Ces évolutions heurtent de plein fouet un Maroc dont la dépendance énergétique avoisinait les 93% en 2010. Ajouté à cela la primauté de la ressource pétrole - qui représente 60% de la consommation énergétique nationale -, on mesure sans peine le poids de la facture énergétique sur l’ensemble de l’économie marocaine : 68 milliards de dirhams, rapportés aux 764,3 milliards de PIB en 20103. Dans l’hypothèse où la dynamique actuelle se poursuivrait - modernisation de l’agriculture, développement industriel, expansion des infrastructures et construction de villes nouvelles - la consommation d’énergies primaires doublerait d’ici 2020 et celle d’électricité triplerait4 ; l’ensemble de ces facteurs générant une demande croissante à laquelle le Maroc se devra de répondre en temps voulu.

Adoptée en 2009, la nouvelle stratégie énergétique du Maroc s’est fixé pour objectifs la sécurisation de l’approvisionnement et l’accès à l’énergie à des prix raisonnables, dans le respect de la protection environnementale. Ces trois critères ont naturellement renforcé l’intérêt porté aux énergies renouvelables et à leur déploiement sur tout le territoire marocain. A l’horizon 2020, 42% de la puissance électrique installée au Maroc devront être issus de ressources renouvelables (eau, vent et soleil). Des investissements importants ont déjà été réalisés dans ce sens et doivent se poursuivre. Pour la seule période 2013-2015, ils devraient atteindre 73 milliards de dirhams pour l’installation d’une puissance nouvelle de 3 640 mégawatts. Le processus d’indépendance énergétique et d’approvisionnement renouvelable semble donc enclenché. Son succès reste cependant indissociable d’un second volet, également placé au cœur de la stratégie nationale, celui de l’efficacité énergétique dont le but est de rationaliser l’utilisation de l’énergie pour mieux en maîtriser la consommation globale. Sur ce plan, les objectifs sont également ambitieux : réduire la facture nationale en énergies fossiles de 12% d’ici 20205.

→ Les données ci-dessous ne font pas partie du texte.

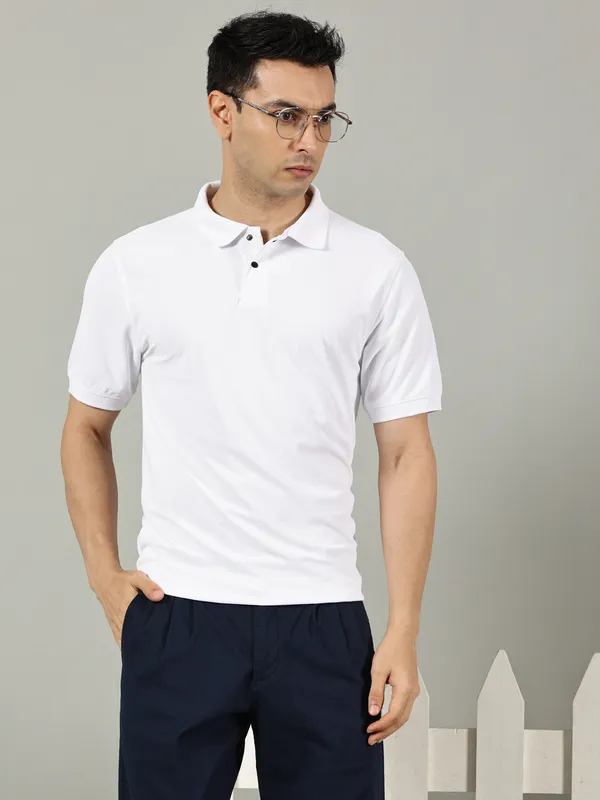 White_Cotton_Polo_Sport_T_Shirt_For_Men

Efficacité énergétique : un bien nécessaire

Pour progresser sur la voie de l’efficacité énergétique, le Maroc dispose d’un historique international riche en enseignements. Tout débute dans les années 70 : les deux chocs pétroliers successifs ébranlent les mentalités et font prendre conscience de l’urgence de repenser le fonctionnement de nos sociétés sans l’apport des énergies fossiles. Dans un premier temps, la chasse aux gaspillages est massivement lancée par les grandes puissances industrielles de l’époque, ce qui permet de ralentir la croissance de la demande énergétique mondiale. Ce coup de frein est notable puisqu’on est passé d’un doublement de la demande tous les dix ans à un doublement tous les quarante ans.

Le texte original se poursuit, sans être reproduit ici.